> [Material for this exercise]:
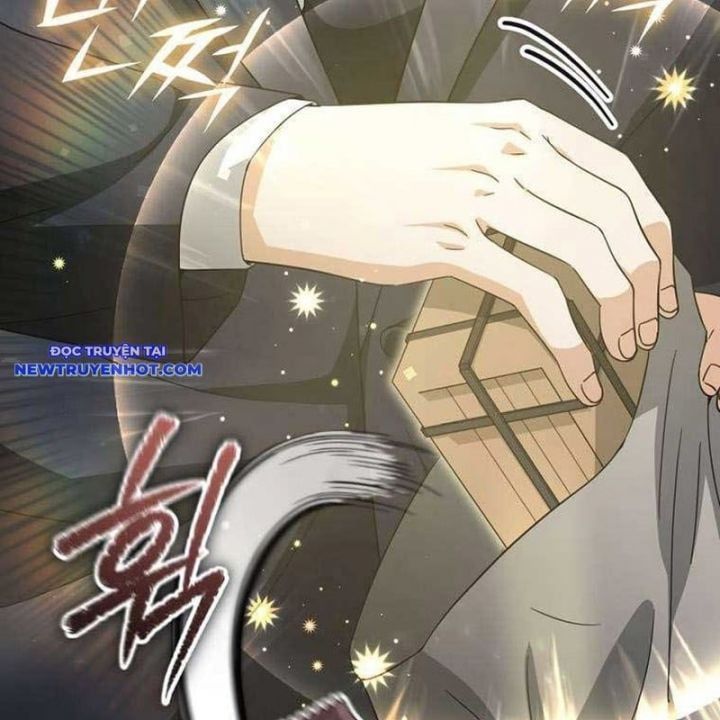 đọc truyện Bố Tôi Quá Mạnh Chương 160 ảnh 103 tại Thiên Thai Truyện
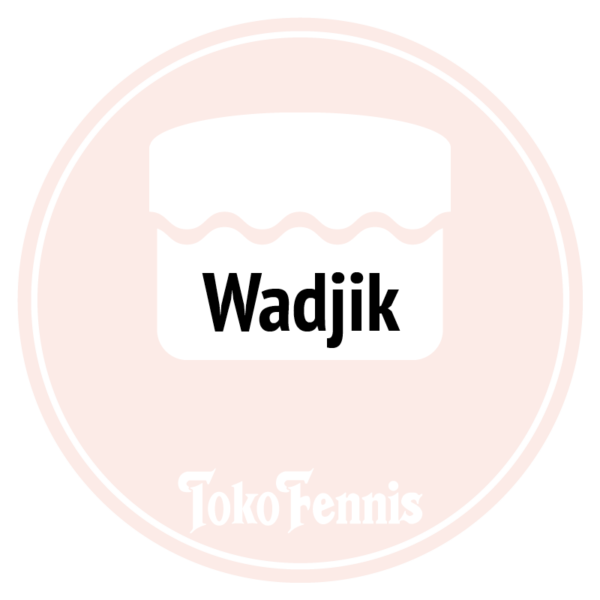 Wadjik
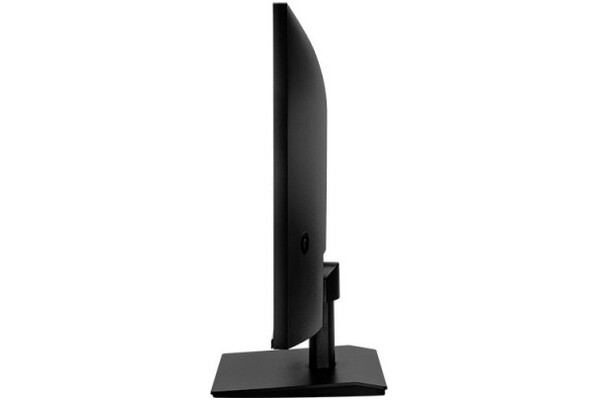 Monitor 24.5" ASrock Challenger CL25FFB
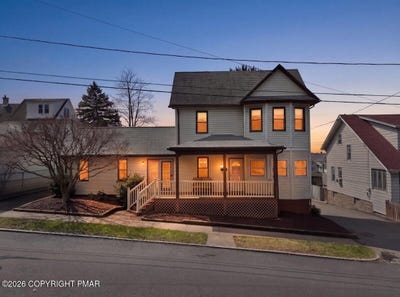 /international/us/840-alder-street-scranton-pa-110106945320/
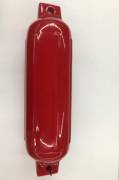 Polyform Fender rot G1 330 x 89 mm *Restposten*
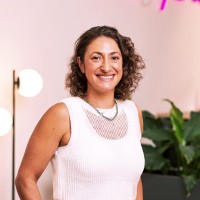 Filomena Frisina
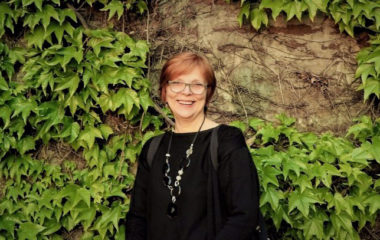 sonja-nikolic-autorski-tekst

> [Exercise details]: Please retype, exactly and with the pictures left out, the lines from the line containing "Filomena Frisina" through the last line of the records above.

> [Answer box]:
 Filomena Frisina
 sonja-nikolic-autorski-tekst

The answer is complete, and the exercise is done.